Author's Note: This is a "background chapter", chapter 3 will lead more into the actual plot. I'd like a review, please...


May reviewed the papers in front of her and she did not like what she saw. Erik had given her more than enough money to create an upscale facility, but his generosity however, was a loan that he expected to be repaid, with interest.

It had been shortly after she'd contacted him that they had begun to collaborate on ideas that would draw customers. Erik was no fool, he knew the drawing power of a pretty face, but it had been May who'd ranted and demanded that he loosen up and allow her to open Dancing Dolls as a strip club.

Erik had had a vision of a true New York gentlemen's club. Blackjack tables, cards, cognac, cigars, live music, the whole nine.
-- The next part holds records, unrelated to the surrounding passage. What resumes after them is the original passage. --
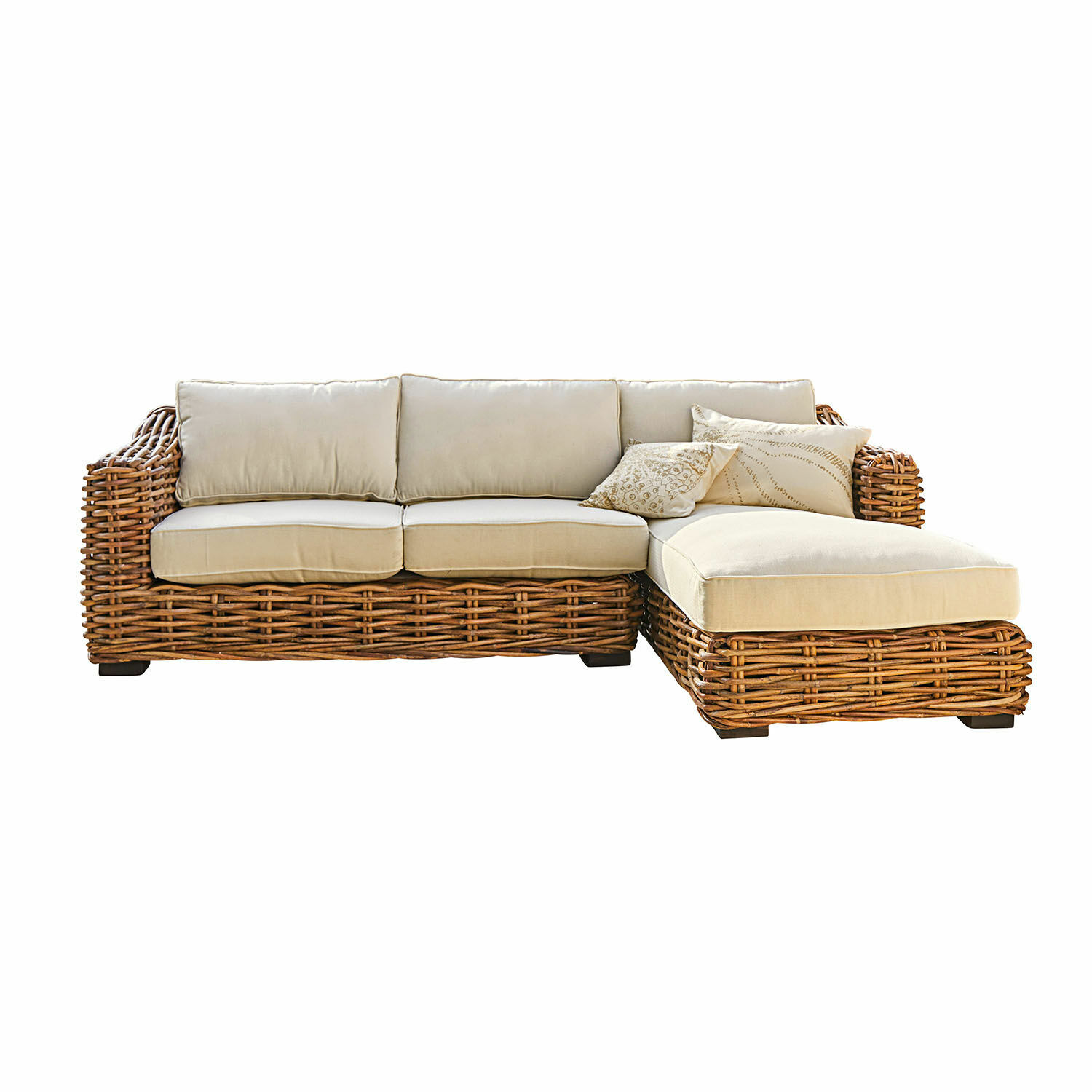 crème/bruin Villedieu bank van bruin rattan met crèmekleurige kussens, comfortabele zitmeubel
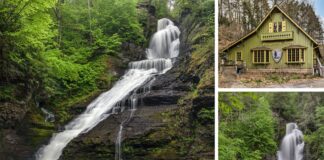 A collage featuring five images from Dingmans Falls in Pike County, Pennsylvania. The top left and bottom center photos capture the falls in full force, with water cascading down a series of rocky ledges surrounded by lush greenery. The top right picture showcases the olive-green visitor center with its yellow details and the National Park Service emblem, nestled in the woods. A footbridge leading through the verdant forest is the focus of the bottom left image, inviting exploration. Finally, the bottom right photo offers a close-up of a smaller cascade, with a wooden staircase alongside it, emphasizing the natural rugged terrain of the area. Together, these images create a comprehensive visual tour of the Dingmans Falls area, highlighting both the powerful beauty of the falls and the facilities that welcome visitors to this scenic destination.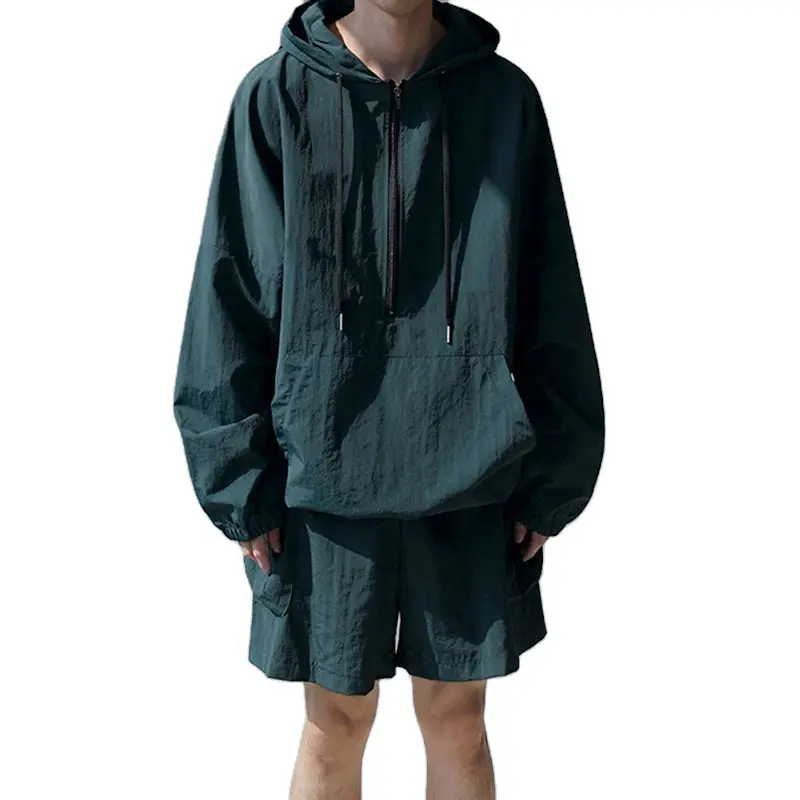 Waterproof polyester Windbreaker shorts set nylon tracksuit with shorts oversized windbreaker jacket hoodie and shorts set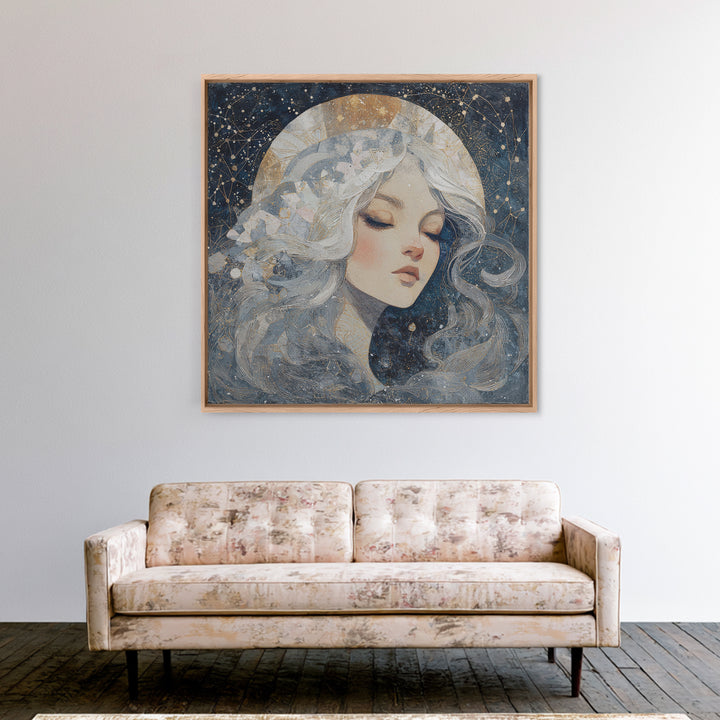 Moon Goddess with Flowing Hair and Constellations Canvas Print, Astrology Art, Celestial Wall Art, Living Room Decor, Zodiac, AST-1x1-27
May had dismissed his ideas as antiquated and ditched the drawings he'd sketched of a men's lounge and replaced them with neon lights and vinyl booth tables. Erik's dream had died with the flip of a coin, but he couldn't argue with the profits that the club pulled in on a nightly basis.

Profits that Maywas obligated to share with him- he had funded the entire operation, after all, so what choice did she have?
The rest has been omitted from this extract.